Dès sa défaite annoncée, dimanche 23 avril, François Fillon a été l’un des premiers à appeler à voter Emmanuel Macron au second tour. « L’abstention n’est pas dans mes gènes », a expliqué le candidat des Républicains. Une assertion que beaucoup partagent sur le marché de Neuilly. Le vote est « le plus grand des devoirs », dit un passant qui refuse de dire son nom, parce qu’il a encore « de la rancœur contre les journalistes ». « Ça passera », promet-il en s’éloignant.

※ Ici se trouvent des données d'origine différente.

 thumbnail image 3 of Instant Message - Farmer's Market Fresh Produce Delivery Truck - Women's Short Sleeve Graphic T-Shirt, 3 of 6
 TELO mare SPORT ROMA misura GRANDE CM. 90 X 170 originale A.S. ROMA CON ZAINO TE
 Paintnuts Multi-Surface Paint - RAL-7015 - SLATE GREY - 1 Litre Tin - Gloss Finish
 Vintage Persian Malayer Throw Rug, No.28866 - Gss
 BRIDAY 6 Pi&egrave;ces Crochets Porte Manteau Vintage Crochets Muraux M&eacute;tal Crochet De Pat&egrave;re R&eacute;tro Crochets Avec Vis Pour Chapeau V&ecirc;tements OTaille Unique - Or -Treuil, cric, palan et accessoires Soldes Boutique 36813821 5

Voter, oui, mais de là à voter pour Emmanuel Macron ! « Pour des petits-gris comme nous, ça fait bizarre de voter pour quelqu’un plus jeune que nos enfants », sourit Elisabeth, 82 ans. Appuyée sur une canne, elle déplore surtout le manque de « sens de la famille » du candidat d’En marche !. Son mari, André, 84 ans et une carrière de comptable achevée il y a seulement quatre ans, lui répond posément : « Sur l’économie par contre, il sera mille fois plus compétent que Marine Le Pen. C’est le choix de la raison, on survivra mieux à un peu de socialisme qu’à beaucoup de populisme. »

« Un avant et un après débat »

Un jugement qui semble renforcé par la performance de Marine Le Pen lors du débat de l’entre-deux-tours, mercredi 3 mai. La candidate du Front national a été « tout simplement minable », juge Ghislaine, 54 ans, médecin généraliste dans le quartier des Sablons. « Après le premier tour, je n’étais pas sûre de mon vote, mais ce débat m’a montré l’amateurisme du Front national. Je préfère un Hollande bis qu’une incapable. »

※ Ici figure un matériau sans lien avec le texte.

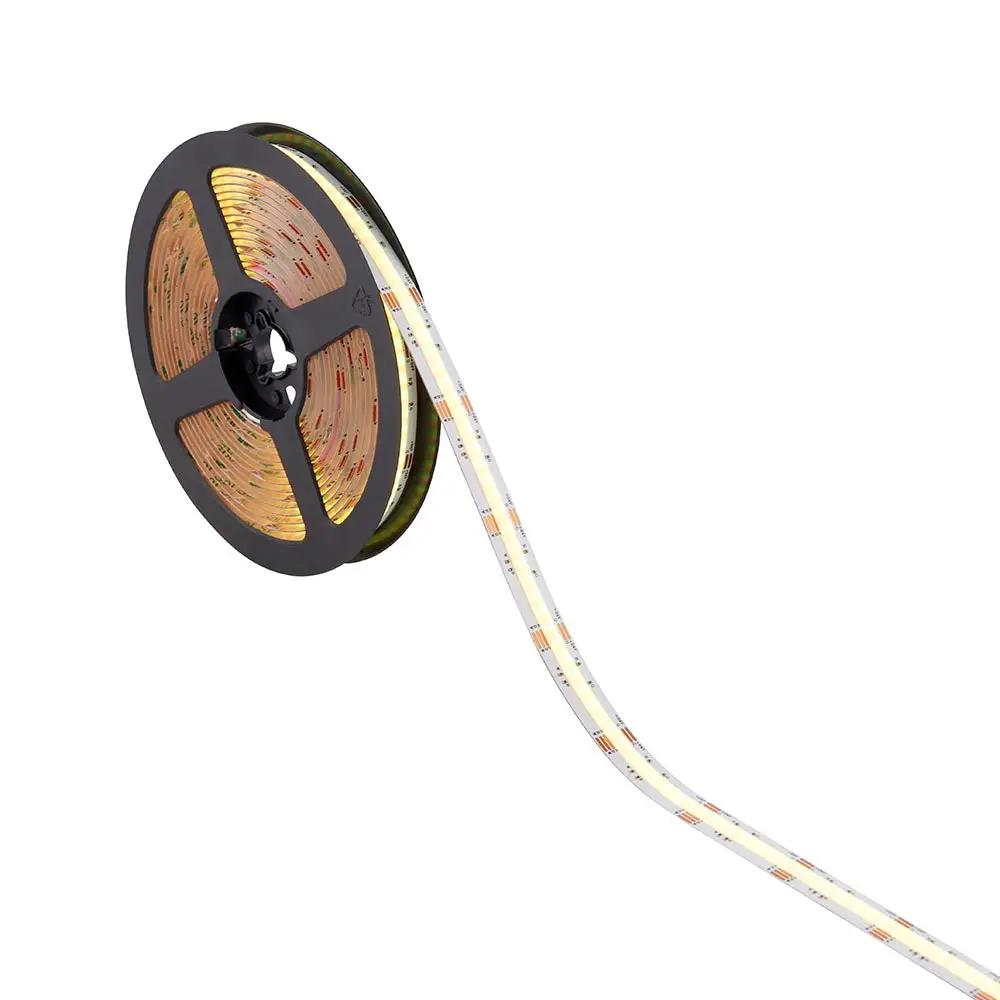 LED strip light on reel, flexible lighting accessory for home or business use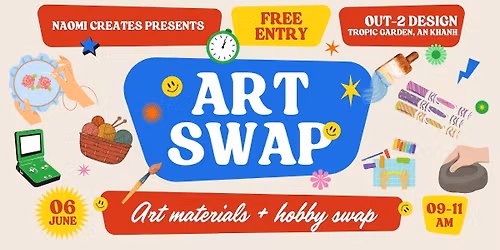 [Free Entry!] Art Swap - Art materials + hobby swap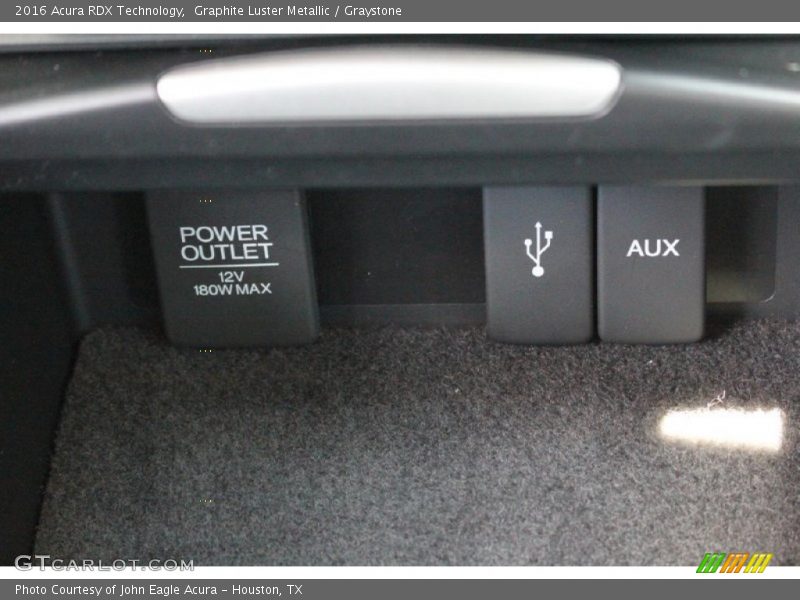 Graphite Luster Metallic / Graystone 2016 Acura RDX Technology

Même colère chez François, cadre à la Société générale depuis trente-quatre ans, qui juge « honteux de venir aussi peu préparé sur des dossiers aussi importants que l’euro ». Lui aussi parle d’« un avant et un après débat ». « Les masques sont tombés », et Emmanuel Macron « a montré au moins qu’il pouvait garder son calme », note le père de trois enfants, qui déplore toutefois que le candidat « manque toujours de hauteur, de stature ».

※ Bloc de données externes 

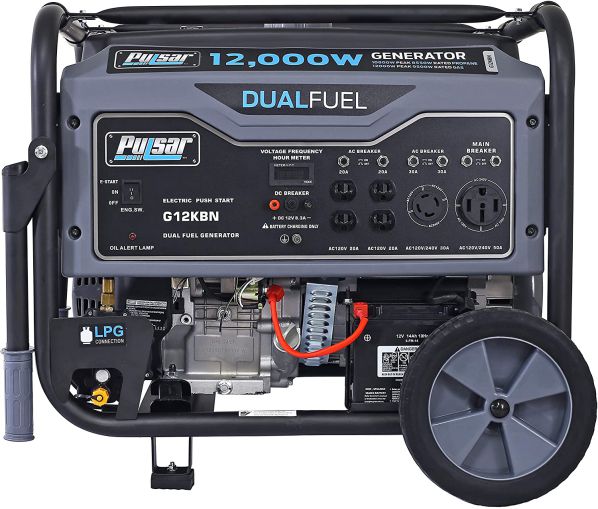 Pulsar G12KBN-SG Heavy Duty Portable Dual Fuel Generator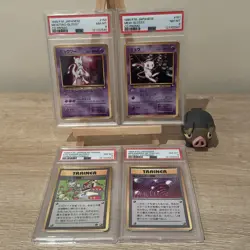Mew 151, Mewtwo 150, CPU Error, Super Energy - CD Promo PSA 8 1999 Pokemon Card - Image 1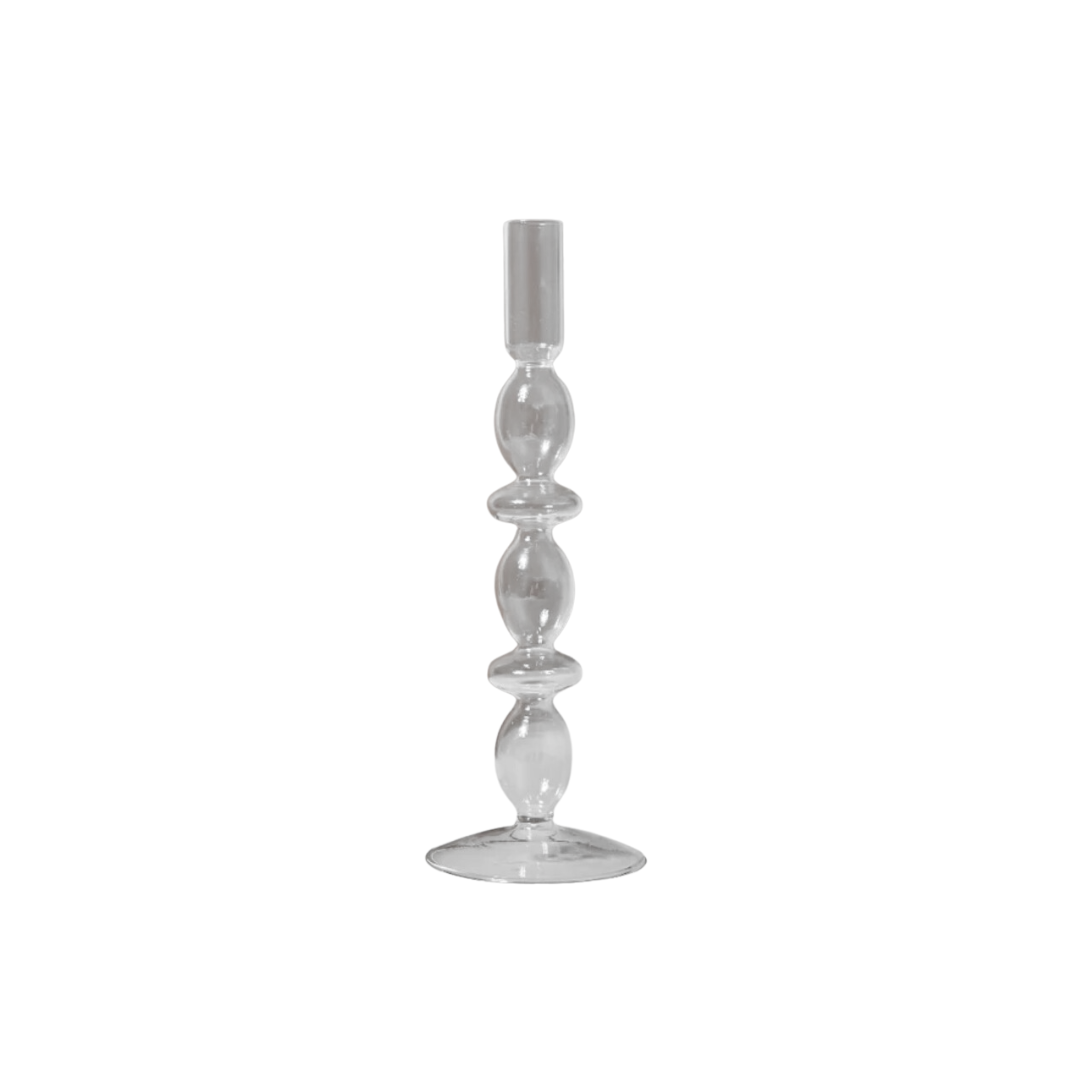 Glass Taper Candle Holder Set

Dans ce fief des Républicains, la fonction de chef de l’Etat est des plus respectée. Sa parole aussi. « Quand on se revendique gaulliste, on ne salit pas la mémoire du général en se vendant au plus offrant », tacle Emile, un ancien de la 2e division blindée du général Leclerc, qui ne décolère pas contre Nicolas Dupont-Aignan. « Il salit tout », dit-il, en soupirant. « C’est ça qui m’a donné envie de voter Macron, sinon j’aurais voté blanc. Il n’a quand même pas la carrure pour gérer les grands dossiers du monde, la Syrie, la Corée, le Brexit… » En baissant les yeux, il interrompt son énumération : « On sera bien obligés d’y aller quand même. »

Pour Maryvonne, 64 ans, il « faudra bien » aussi. Mais les consignes de vote de François Fillon, elle les « envoie promener, avec mon chien ». En tirant justement sur la laisse de son cavalier king Charles, cette grande brune à la voix chaude n’a « pas honte de dire que ce sera Le Pen », pour elle. « Sur la sécurité, la menace terroriste, c’est la seule qui a de vraies réponses, qui est à la hauteur », reprend-elle, en parlant de ses deux enfants et trois petits-enfants qu’elle veut « voir grandir sans avoir peur d’un attentat ».

Dans l’allée suivante justement, devant le primeur bio, quelqu’un signale un petit caddie rouge abandonné. « C’est suspect, non ? Vous voyez que j’avais raison », sourit Maryvonne.